When installing Python projects, pip generates wrapper scripts for declared entry points: https://packaging.python.org/distributing/#console-scripts

This process assumes that running the script with the shebang line set to `sys.executable` will be sufficient to start Python with the correct sys.path settings, which is a correct assumption for Python virtual environments and full Linux containers, but not correct for Software Collections (since dynamically linked external C libraries won't be found correctly).


How reproducible:

Always

Steps to Reproduce:
1. Install a project with entry points defined that relies on external C extensions linked against the SCL Python binary
2. Run that project via a wrapper script generated by pip, setuptools, or pipsi
3.

Actual results:

You have to explicitly activate the SCL before the wrapper scripts will work

Expected results:

The wrapper scripts work automatically without requiring separate activation of the SCL (i.e. the use of the SCL Python becomes a transparent implementation detail of the installed script)

Additional info:

Ideally, this could be done *without* needing to patch the wrapper generation process by instead setting RPATH appropriately in the SCL Python executable, as then it would also fix subprocess execution of sys.executable with environment inheritance disabled (SCLs currently rely on the active environment being passed through to subprocesses), as well as every other piece of Python code that assumes that "sys.executable" provides all the info you need in order to re-run the "same" Python environment.

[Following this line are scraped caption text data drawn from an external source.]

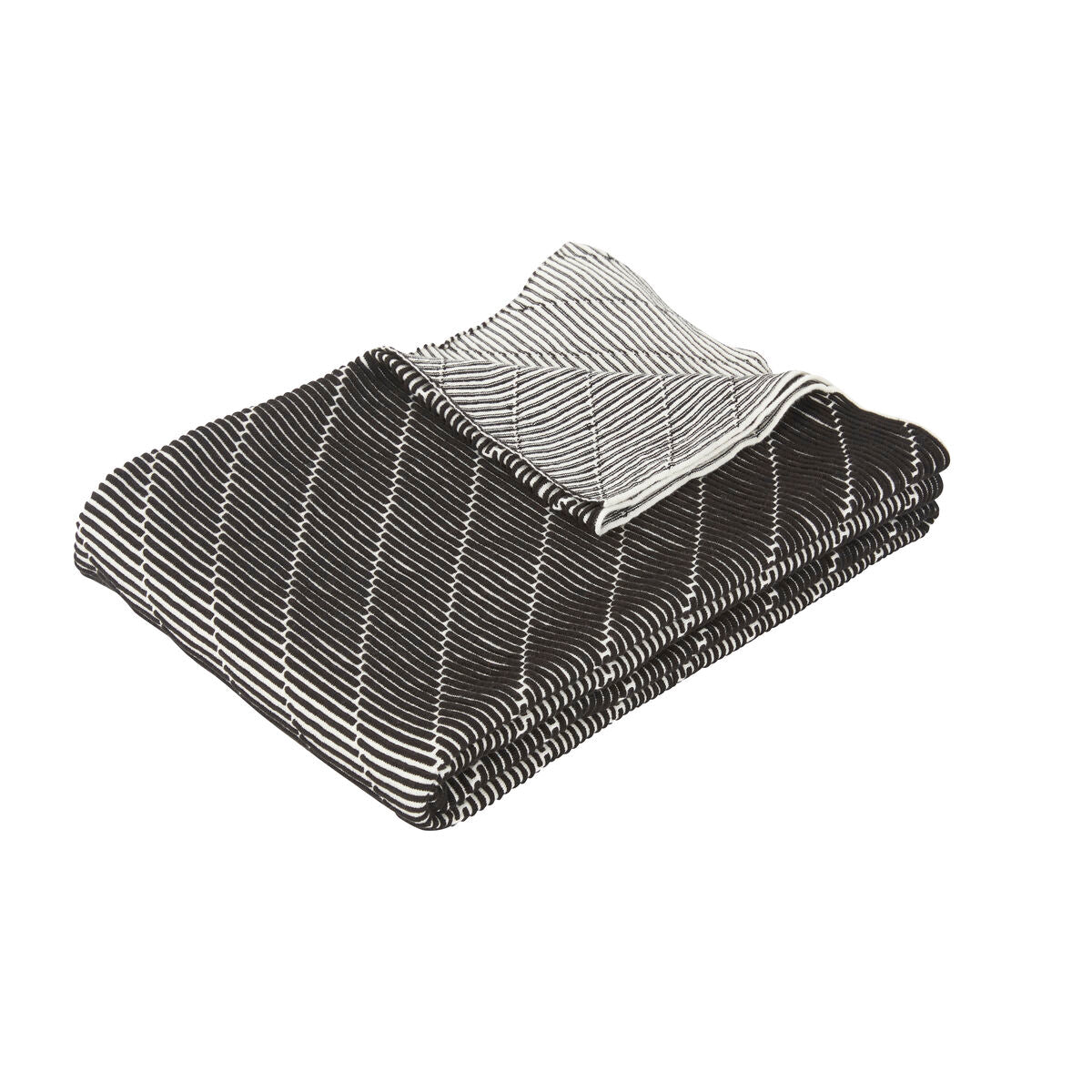 Snuggle Plaid Black/Off White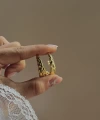 İkili Vintage Küpe I 925 Gümüş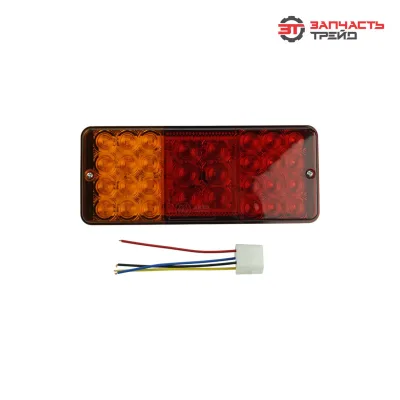 Фонарь задний (12В/24В) Ф-401 LED (пластик) светодиодный (тракторы) (AVTOELECTRICA)
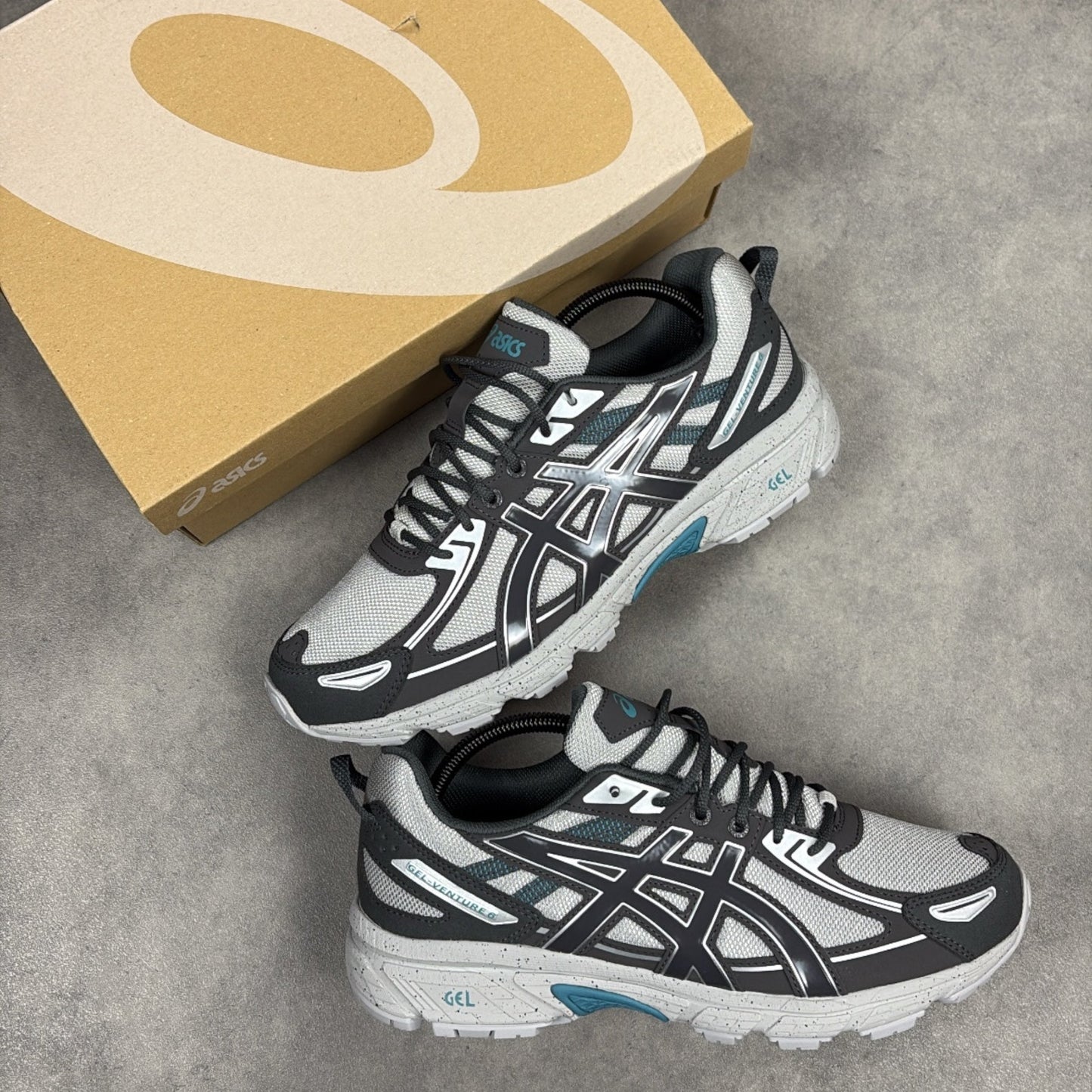 Asics Gel Venture 6 Cement Grey Obsidian Grey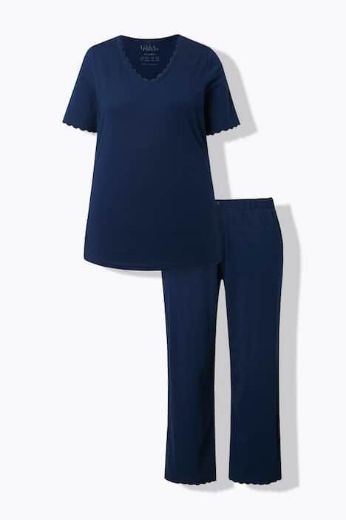 Moda za polnejše Pidžama kratkih rukava i dugih nogavica plus velikost, xxl, Ulla Popken in Johann Popken (JP1880)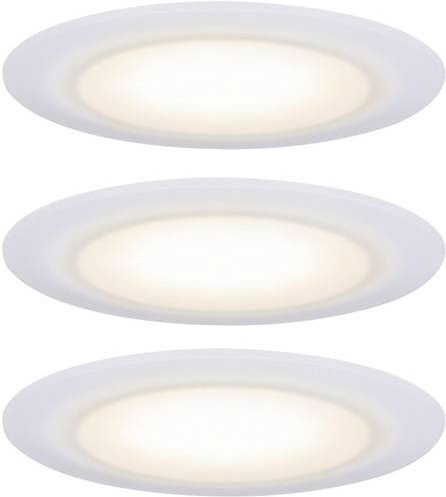 Paulmann LED-Bad-Einbauleuchte 3er Set, Weiß, dimmbar, 19.5W - Bild 1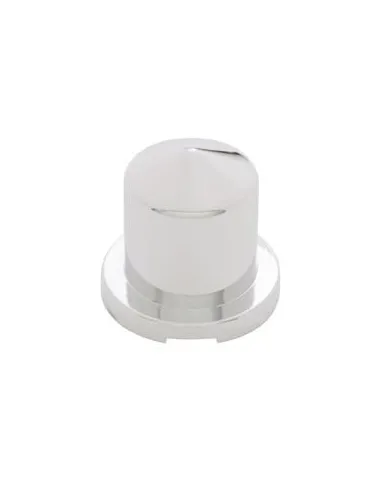 UP10087-5/8" X 1-1/4" Chrome Plastic Pointed Nut Cover - Push-On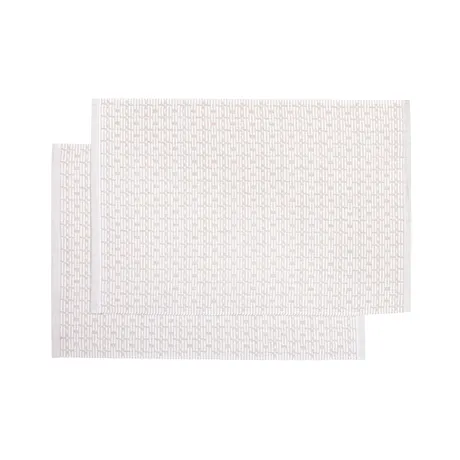 Återvunnen Tablett 2-pack Stella, Linne/Vit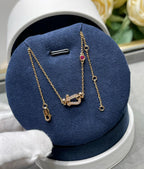 [Marin]FORCE 10 DIAMOND PINK GOLD NECKLACE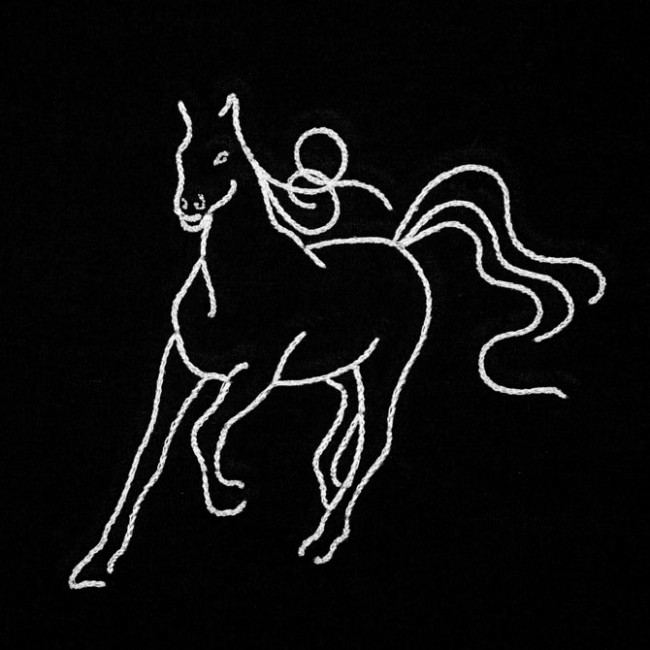 BFC1419 Horse Sketches Quilt Set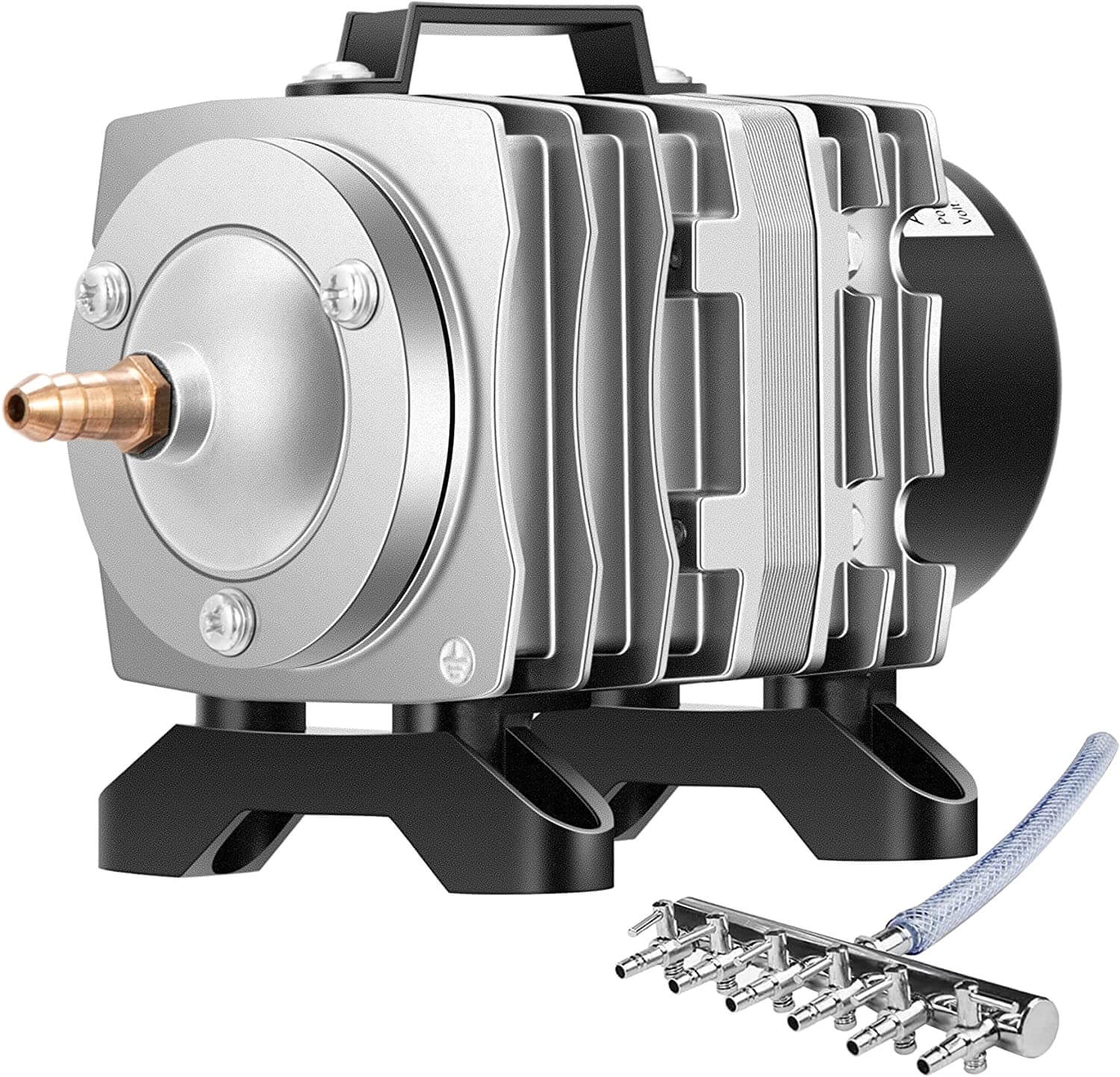 VIVOSUN 15W 317GPH Air Pump 6 Outlet 20 L/Min for Aquarium and Hydroponic Systems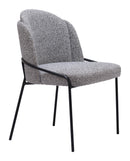 Zuo Modern Jambi Dining Chair Black & White/Ivory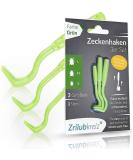 Zrilubkrelz tick tongs tick remover set of 3 tick levers premium tick protection for e.g. dog cat horse etc. Alternative to tick card tick medium tick tweezers - Buy Online on SooperMarket.com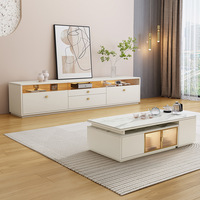 Mueble de TV Moderno en Color Madera Natural, Soporte de Suelo de Madera Maciza para Sala de Estar, Estilo Lujoso y Sofisticado, Muebles para el Hogar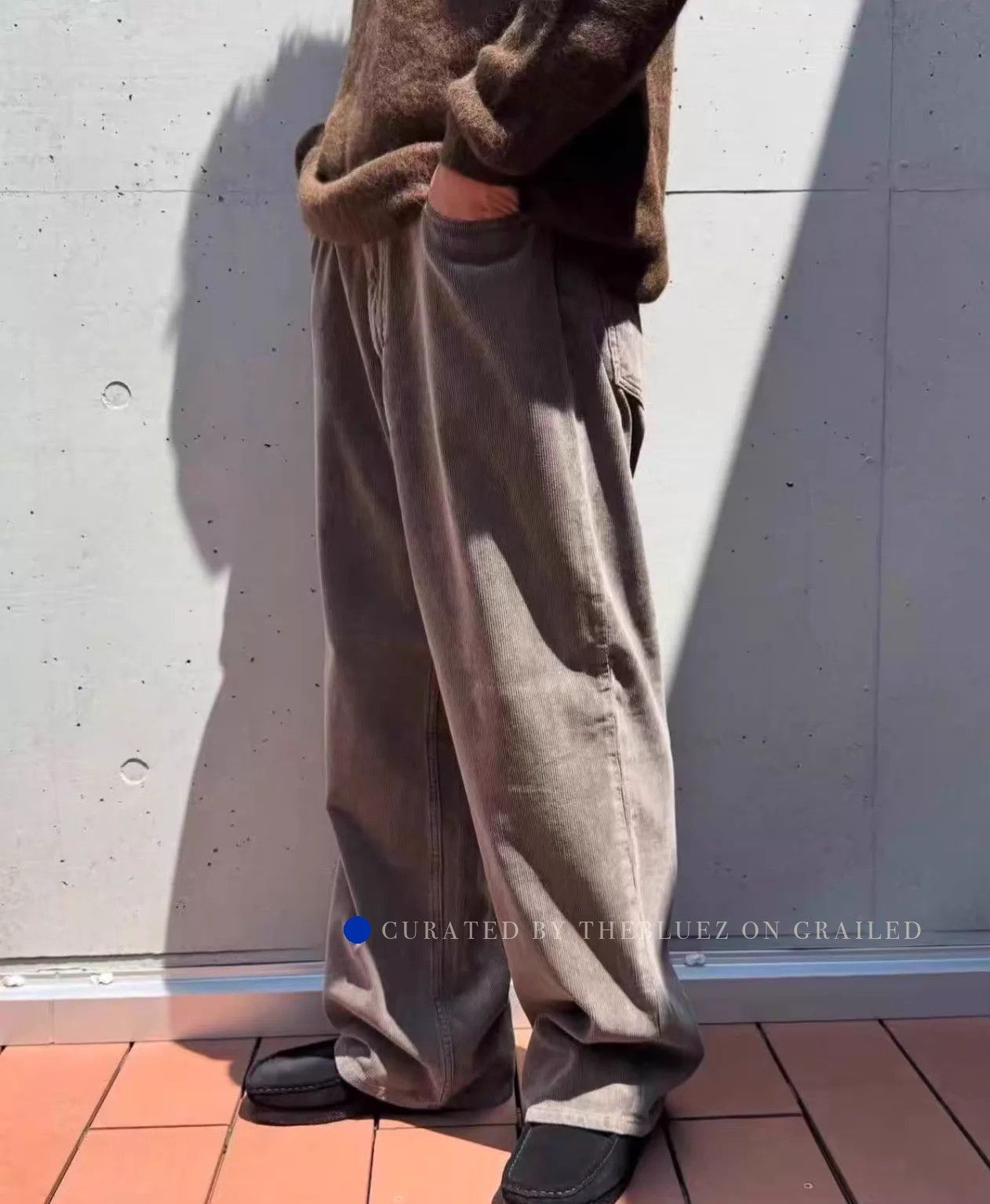Auralee Wide Corduroy Casual Pants in Brown Size US 38 / EU 54 - 1 Thumbnail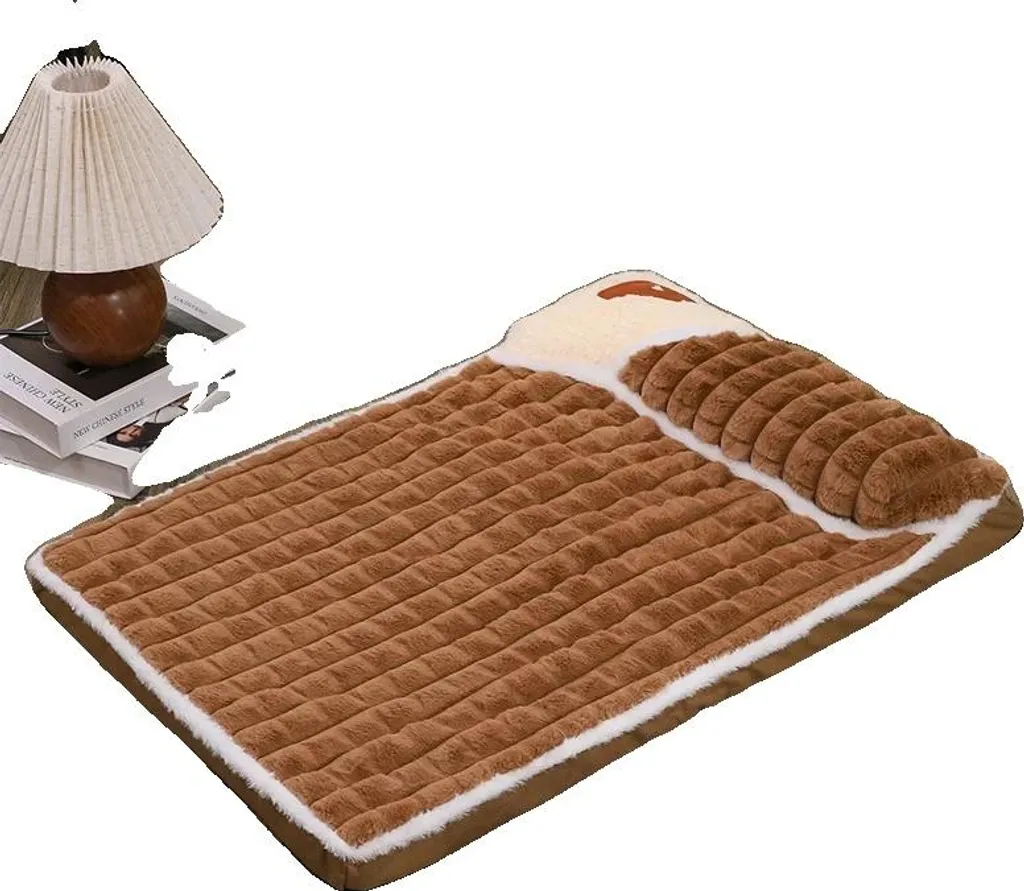Cuccia Morbida Cani Taglia Grande 100x70 Sfoderabile Marrone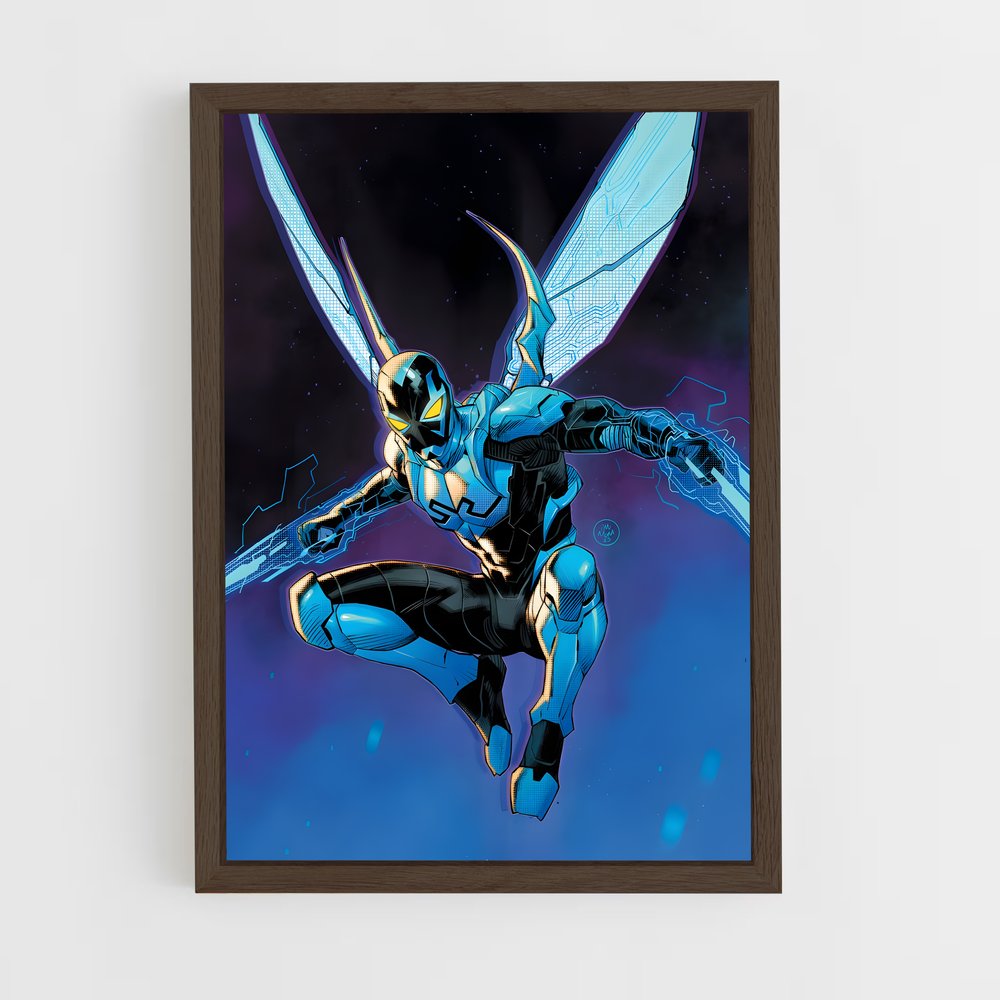 ap-blue beetle-1 cadre Bois foncé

Such an approach would also ensure that running "pip install --upgrade pip wheel setuptools" inside a virtual environment doesn't break anything (this is a common technique to ensure a project is using the latest version of these tools with full support for modern Python packaging techniques)

Alternatively, the fix could be implemented by patching the SCL provided python-pip and python-setuptools to be "SCL aware", but that has the downside of being quite fragile, and inconsistent with the established techniques for running Python programs in a particular environment.

Comment 6 Joe Orton 2019-03-14 11:02:42 UTC
Red Hat does not currently plan to provide any further changes to this collection in a Red Hat Software Collections update release.

This software collection is nearing the retirement date (May 2019) after which customers are encouraged to upgrade to a later release.

Please contact Red Hat Support if you have further questions, or refer to the support lifecycle page for more information. https://access.redhat.com/support/policy/updates/rhscl/

Comment 7 Joe Orton 2019-06-14 13:06:50 UTC
In accordance with the Red Hat Software Collections Product Life Cycle, the support period for this collection has ended.

New bug fix, enhancement, and security errata updates, as well as technical support services will no longer be made available for this collection.

Customers are encouraged to upgrade to a later release.